The Great Barrier Reef: The Water

Sorry for the delay for these pictures--it's been a while since I had to get a roll of film developed. Without further ado:
Coral-This is one of the more
colorful pictures we took. The water filters out all of the colors, starting with red then moving through the spectrum--remember ROY G BIV? All the great postcard coral pictures you see are taken with a flash and usually at night.
Parrotfish-Named because it is
colorful and has a beak like a parrot. They bite off bits of coral, eating little organisms lliving on it. Parrotfish are responsible for a cup and an half of sand per day from chewed up coral.
Clownfish-Nemo! Nemo! These
little fish are funny because they aren't afraid of anything. You swim down to them and they'll get right in your face, daring you to mess with them or their anemone.

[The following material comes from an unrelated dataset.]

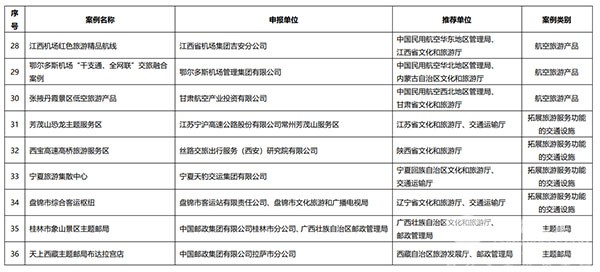 交通運輸 旅游融合發(fā)展 十佳案例 典型案例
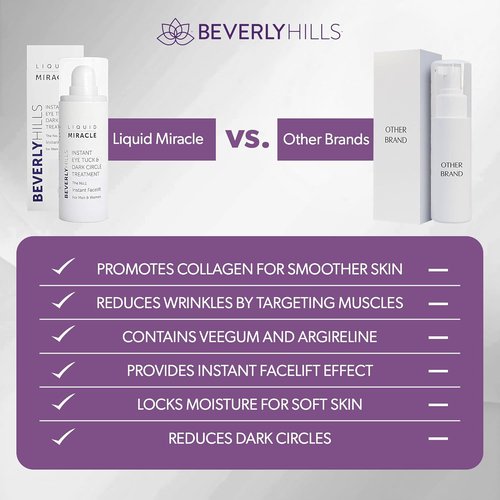 Beverly Hills Instant Facelift Eye Serum - Anti-Aging Treatment for Dark Circles & Puffiness | 30mL (120 Days Supply)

Starfish and clam-The blue
starfish shows up well because blue is the last color filtered out by the water. The clam on the left is rather small. We saw others that were five feet across.
Diver-That's me.
We had a picture of an octopus I was disappointed to see not come out. We only saw its head (the rest was down a hole in a boulder), but it was the size of a soccer ball. He was red, but turned white as you approached him. The marine biologist on the cruise said they do that to appear unappetizing so you don't eat him.
Hope you've enjoyed these underwater photos. The snorkeling was for me the hightlight of the trip. One more entry to go on the cruise, but you shouldn't have to wait as long for the next one.